Readings for Next Sunday Pentecost 14
Psa. 50:1-15; Isa. 66:18-23; Heb. 12:4-24; Luk. 13:22-30

Daily Reading from the Book of Concord

The Apostle’s Creed may be confessed.

Lord’s Prayer

Our Father who art in heaven,
hallowed by Thy name,
Thy kingdom come,
Thy will be done on earth as it is in heaven;
give us this day our daily bread;
and forgive us our trespasses as we forgive those who trespass against us;
and lead us not into temptation,
but deliver us from evil.
For thine is the kingdom and the power and the glory forever and ever. Amen.

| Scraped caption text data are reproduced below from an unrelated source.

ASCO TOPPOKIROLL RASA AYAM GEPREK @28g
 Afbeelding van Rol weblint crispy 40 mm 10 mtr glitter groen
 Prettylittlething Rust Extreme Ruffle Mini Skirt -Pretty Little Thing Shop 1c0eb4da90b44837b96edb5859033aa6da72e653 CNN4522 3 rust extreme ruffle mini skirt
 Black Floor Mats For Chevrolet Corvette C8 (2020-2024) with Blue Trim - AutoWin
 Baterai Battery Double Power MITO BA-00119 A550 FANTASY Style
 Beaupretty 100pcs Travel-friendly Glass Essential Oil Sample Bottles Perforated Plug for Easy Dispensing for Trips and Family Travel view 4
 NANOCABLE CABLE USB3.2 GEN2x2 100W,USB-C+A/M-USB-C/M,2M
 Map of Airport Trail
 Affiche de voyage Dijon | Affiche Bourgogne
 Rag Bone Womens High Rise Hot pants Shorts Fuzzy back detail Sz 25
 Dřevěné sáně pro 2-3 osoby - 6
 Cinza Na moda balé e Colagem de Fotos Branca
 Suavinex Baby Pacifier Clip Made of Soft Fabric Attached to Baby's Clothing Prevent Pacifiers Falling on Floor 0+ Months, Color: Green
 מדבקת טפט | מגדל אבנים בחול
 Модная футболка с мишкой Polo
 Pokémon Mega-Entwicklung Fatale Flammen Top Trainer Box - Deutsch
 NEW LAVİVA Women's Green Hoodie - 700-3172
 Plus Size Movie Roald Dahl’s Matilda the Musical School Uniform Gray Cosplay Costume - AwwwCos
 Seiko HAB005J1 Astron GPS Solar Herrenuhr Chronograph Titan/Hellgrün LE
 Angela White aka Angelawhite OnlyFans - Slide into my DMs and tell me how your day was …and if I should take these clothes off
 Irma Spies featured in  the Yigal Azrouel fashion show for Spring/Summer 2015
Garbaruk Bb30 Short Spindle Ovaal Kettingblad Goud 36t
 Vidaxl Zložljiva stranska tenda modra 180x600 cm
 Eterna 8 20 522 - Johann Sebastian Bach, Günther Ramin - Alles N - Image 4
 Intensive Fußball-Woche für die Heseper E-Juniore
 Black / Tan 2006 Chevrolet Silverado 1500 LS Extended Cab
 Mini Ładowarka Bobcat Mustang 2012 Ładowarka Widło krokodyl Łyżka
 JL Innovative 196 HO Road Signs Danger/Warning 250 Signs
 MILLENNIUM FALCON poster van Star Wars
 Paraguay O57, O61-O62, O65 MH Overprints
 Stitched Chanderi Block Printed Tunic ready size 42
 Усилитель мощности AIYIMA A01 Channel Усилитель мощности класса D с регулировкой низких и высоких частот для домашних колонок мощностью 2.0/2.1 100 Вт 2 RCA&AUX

Prayers for others and ourselves:

  • Sunday: For the joy of the resurrection among us; for the blessings of faith nourished by the Word and the Sacraments.
  • Monday: For faith to live in faith in the promises of Baptism; for one’s vocation and daily work; for the unemployed; for the salvation of our neighbors; for schools, colleges, and seminaries; for good government and peace.
  • Tuesday: For protection against temptation and evil; for those suffering from addiction and those who are despairing; the tortured and oppressed; for those who battle thoughts of self-harm or suicide; for our struggles with sin.
  • Wednesday: For marriage and family; for the raising of children in knowledge of the Word of God; for parents who raise children alone; for our communities and neighborhoods.
  • Thursday: For the Church and her pastors; for teachers, deaconesses, and other church workers; for missionaries and for all who serve the Church; for LCMS President Rev. Matthew Harrison; for LCMS FL-GA District President Rev. Greg Walton; for proper and fruitful use of the Sacrament of Christ’s body and blood.
  • Friday: For the preaching of the cross of Jesus; for the spread of His knowledge throughout the world; for the persecuted Church and the oppressed; for the sick and dying.
  • Saturday: For faithfulness to the end of life; for the renewal of those struggling in faith or have fallen away; for receptive hearts and minds to God’s Word on the Lord’s Day; for pastors, musicians and all those who prepare to administer and receive Christ’s Word and Sacraments.

LUTHER’S MORNING PRAYER

In the name of the Father and of the Son and of the Holy Spirit. Amen.

I thank you, my heavenly Father, through Jesus Christ, Your dear Son, that You have kept me this night from all harm and danger; and I pray that You would keep me this day also from sin and every evil, that all my doings and life may please You. For into Your hands I commend myself, my body and soul, and all things. Let Your holy angel be with me, that the evil foe may have no power over me. Amen.

-or-

LUTHER’S EVENING PRAYER

In the name of the Father and of the Son and of the Holy Spirit. Amen.

I thank you, my heavenly Father, through Jesus Christ, Your dear Son, that You have graciously kept me this day; and I pray that You would forgive me all my sins where I have done wrong, and graciously keep me this night. For into Your hands, I commend myself, my body and soul, and all things. Let Your holy angel be with me, that the evil foe may have no power over me. Amen.